Cuando falta el alimento, crece el peligro de cambiar la libertad por un puñado de arroz
por Luigino Bruni
publicado en Mondo e Missione, noviembre 2011
«Para un hombre con el estómago vacío, el alimento es dios», decía Gandhi, que, como gran maestro en humanidad, conocía los distintos significados de la pobreza y el hambre. Sabía bien, porque así lo había experimentado en su propia piel y en la de su pueblo, que cuando una persona tiene hambre, cuando no consigue el alimento para si y para sus hijos, sufre por el hambre pero también por otras formas de miseria y alienación.
Hay que luchar contra el hambre y la miseria, porque mientras haya una persona o una comunidad bajo su dominio, la falta de libertad para alimentarse y vivir esconde la no menos grave falta de libertad del yugo de quienes pueden dar o simplemente prometer esos alimentos.
La miseria y el hambre se presentan en el mundo como un racimo formado por muchas formas de indigencia: de recursos alimenticios, de derechos, de libertades, de oportunidades, que hacen que una persona vulnerable desde el punto de vista del derecho fundamental al alimento y a la vida, en realidad se revele vulnerable y vulnerado desde los demás puntos de vista de la existencia.
Cuando nos falta el alimento, estamos dispuestos, o por lo menos tentados, a negociar con todo lo que tenemos, ya sea alienable o inalienable.
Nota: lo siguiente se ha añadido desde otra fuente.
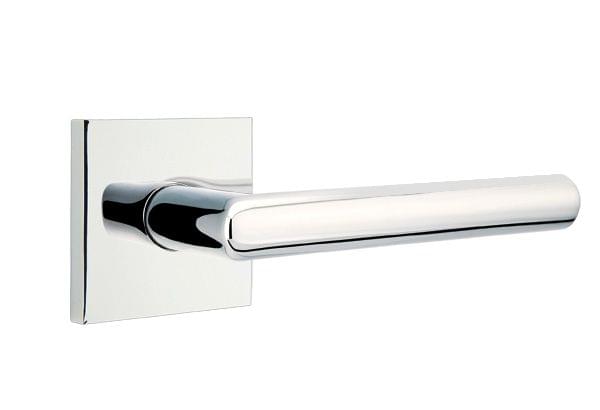 Emtek 5210STUUS15LH Stuttgart Lever Left Hand 2-3/8" Backset Privacy with Square Rose for 1-1/4" to 2" Door Satin Nickel Finish.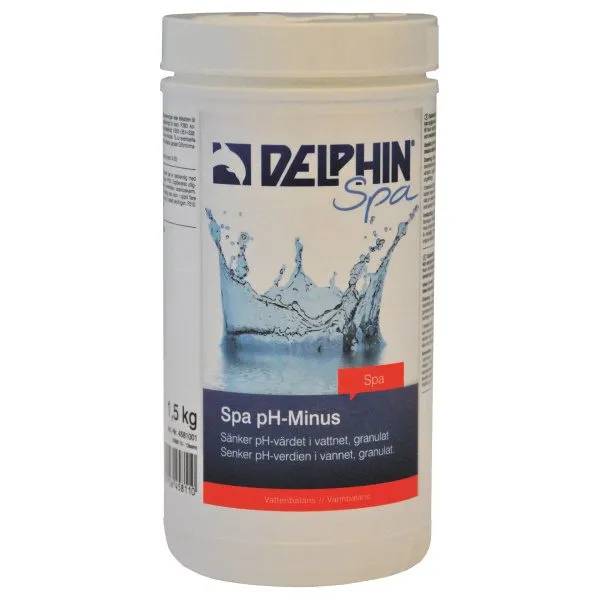 Vit hink med Delphin Spa pH-Minus, 1,5 kg granulat för att sänka pH-värdet i spabadsvatten.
En la historia de la humanidad, hoy como ayer, hay abundantes relatos de personas que quedaron reducidas a la esclavitud por liberarse a sí mismos o a sus hijos de la necesidad de comer y beber. Quien está obligado a vender un riñón suyo o de un hijo para que sus cinco hijos no mueran de hambre, se encuentra ante una decisión trágica. Uno de las deberes más altos de la política nacional e internacional es no darse por vencido mientras en el mundo haya una sola familia que tenga que afrontar una decisión semejante (esclavitud en un lado; comida en el otro).
Por eso el derecho al alimento debe ser considerado como un derecho fundamental de la persona humana, porque si ese derecho no se satisface, todos los demás derechos quedan sustentados en bases demasiado frágiles y nunca llegan a ser efectivos ni eficaces. Un derecho al alimento que, junto a otros derechos sociales fundamentales (como el derecho al trabajo, a la educación y a la participación civil...), deben ser anunciados, gritados e incluidos en las constituciones de todos los pueblos de la tierra, incluso aunque no sea posible reivindicar aquí y ahora el correspondiente “deber perfecto” por parte de los ciudadanos y las instituciones.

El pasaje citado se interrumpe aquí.